Every single comedic large-scale error by AI is evidence that when it is even more powerful and complex, the things it’ll do wrong will be utterly unpredictable and some of them will be very consequential.
In something as regulated and sensitive as medicine, we are likely decades away from AIs replacing doctors. It also applies to most high-level job with a lot on the line, where you cannot afford inexplicable mistakes at large scales.
Things are never going to be the same again though (then again, have they ever?). We will have 100x engineers, doctors, lawyers and everything in between; using AI to do more in less. Does this mean 100x lesser of these jobs? The jury is still out. Up until the 20th century, the vast majority of the population were farmers. Now, there are fewer (100x fewer?) farmers supporting populations several magnitudes higher with the help of sophisticated machines.

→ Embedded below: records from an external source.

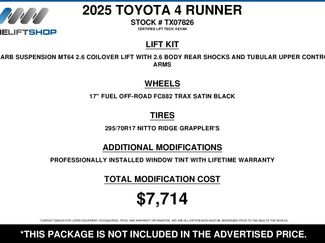 Used 2025 Toyota 4Runner TRD Off-Road Premium video 2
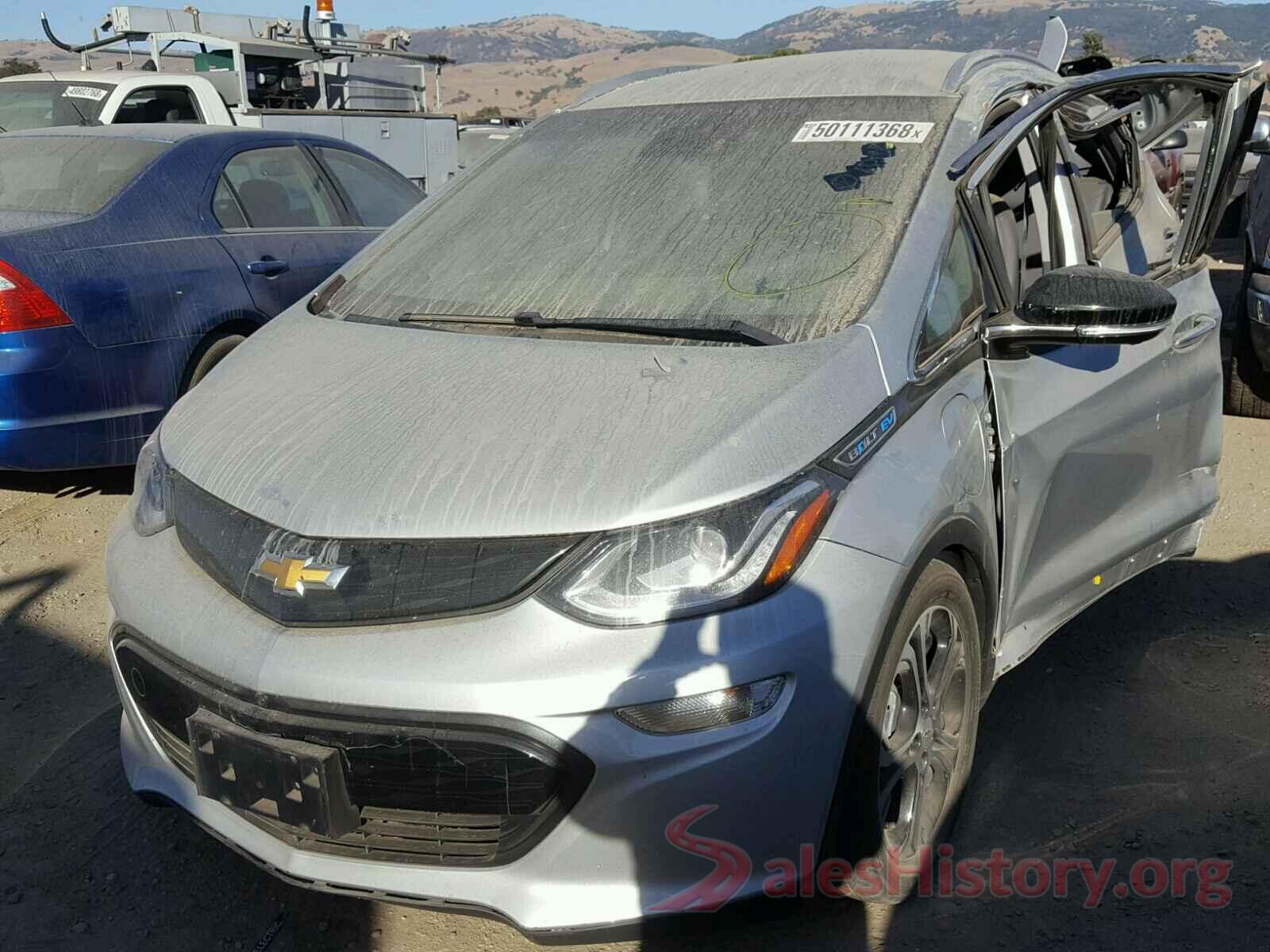 1G1FX6S07H4132742 2017 CHEVROLET BOLT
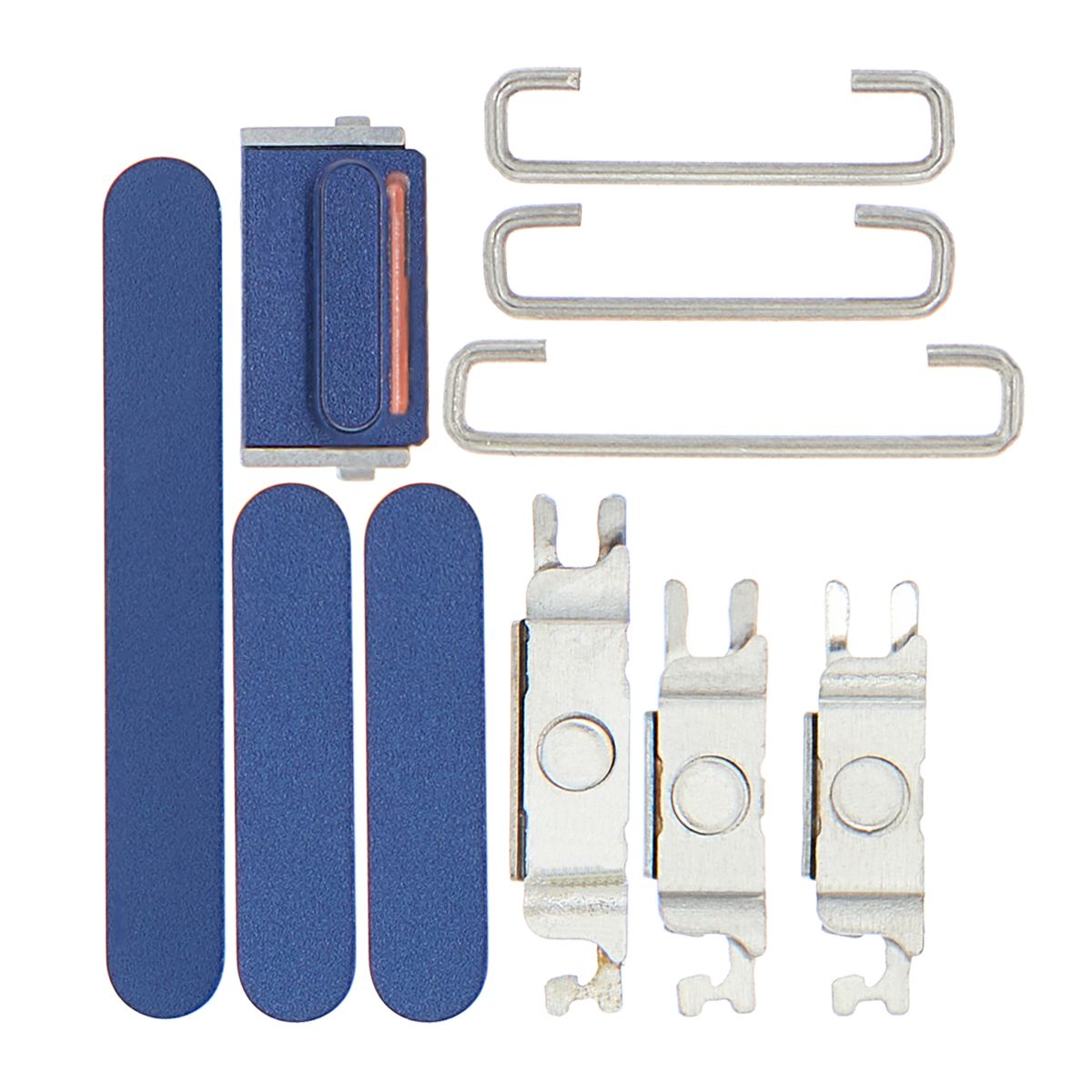 iPhone 12 Hard Buttons (Power / Volume / Switch) (Blue)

We have come a long way from “turbot ax” to GPT and the economic effects are undeniable. We are heading into a new economy, different from the one before and the others before that. With the advent of machines and computers, there was a scare that there would be no jobs in the future. Yet here we are, stronger than ever before.
Maybe the AI enabled future is similar to the one in Wall-E where there are no jobs; where humans don’t create, and only consume. But past technological revolutions suggest that while the nature of work may change, new opportunities also emerge. Until we get there, all we can do is keep moving onward and upward, strategically leveraging AI while staying mindful of its limitations and risks.